Merge lp:~cjwatson/launchpad/gina-dsc-binaries into lp:launchpad

Proposed by Colin Watson on 2012-01-05
Status: Merged
Approved by: Gavin Panella on 2012-01-05
Approved revision: no longer in the source branch.
Merged at revision: 14643
Proposed branch: lp:~cjwatson/launchpad/gina-dsc-binaries
Merge into: lp:launchpad
Diff against target: 153 lines (+78/-3)
5 files modified
database/schema/security.cfg (+1/-1)
lib/lp/scripts/garbo.py (+37/-0)
lib/lp/scripts/tests/test_garbo.py (+36/-0)
lib/lp/soyuz/doc/gina.txt (+2/-0)
lib/lp/soyuz/scripts/gina/handlers.py (+2/-2)
To merge this branch: bzr merge lp:~cjwatson/launchpad/gina-dsc-binaries
Reviewer Review Type Date Requested Status
Gavin Panella (community) 2012-01-05 Approve on 2012-01-05
Review via email: mp+87632@code.launchpad.net

Commit Message

[r=allenap][bug=911943] Separate dsc_binaries correctly in gina, and add a garbo-daily job to clean up existing wreckage.

Description of the Change

== Summary ==

There is some wrong data in SourcePackageRelease.dsc_binaries, which I believe is all gina's fault: that field is meant to be separated with comma-space, not space. This breaks lp:~cjwatson/launchpad/germinate-from-db, but would also be a blocker (one of several, but still) to switching to no-more-apt-ftparchive publishing for Ubuntu.

== Proposed fix ==

Fix gina to separate dsc_binaries correctly, and add a garbo-daily job to clean up the wreckage.

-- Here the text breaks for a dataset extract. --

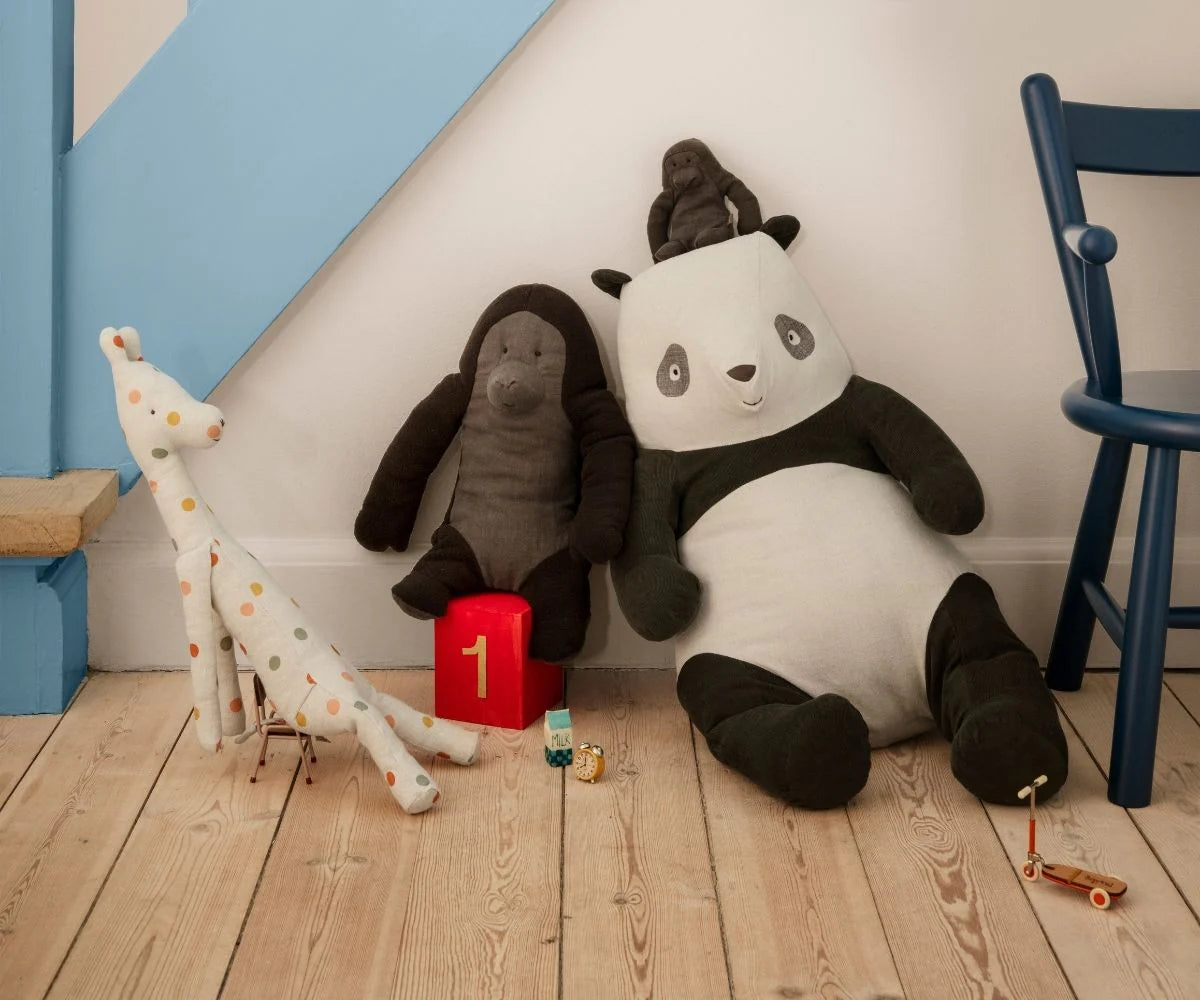 Plush toys including a panda, elephant, and giraffe on a wooden floor with a chair and toy box in the background. | Maileg UK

== Pre-implementation notes ==

Robert and Stuart educated me a bit on how to write garbo jobs.

== Implementation details ==

I found a few rows on dogfood where the Binary field had been incorrectly written as a dependency relationship field, complete with "(>= ...)". This is wildly wrong and it came from PPA uploads rather than gina; but it's in the past and s/ /, /g would not improve matters, so I just excluded anything containing '(', and included a test that such rows remain unchanged.

== Tests ==

bin/test -vvc -t gina -t garbo

== Demo and Q/A ==

I'd like to run this garbo job on dogfood and check that it really does clean everything up, which is probably most easily done by manual inspection of:

  SELECT dsc_binaries FROM SourcePackageRelease WHERE dsc_binaries ~ '[a-z0-9+.-] ';

== lint ==

./lib/lp/soyuz/doc/gina.txt
     162: want exceeds 78 characters.
     179: want exceeds 78 characters.
     223: want exceeds 78 characters.
     236: want exceeds 78 characters.
     242: want exceeds 78 characters.

Pre-existing, fiddly to fix, and should be ignoreable for the purposes of this branch.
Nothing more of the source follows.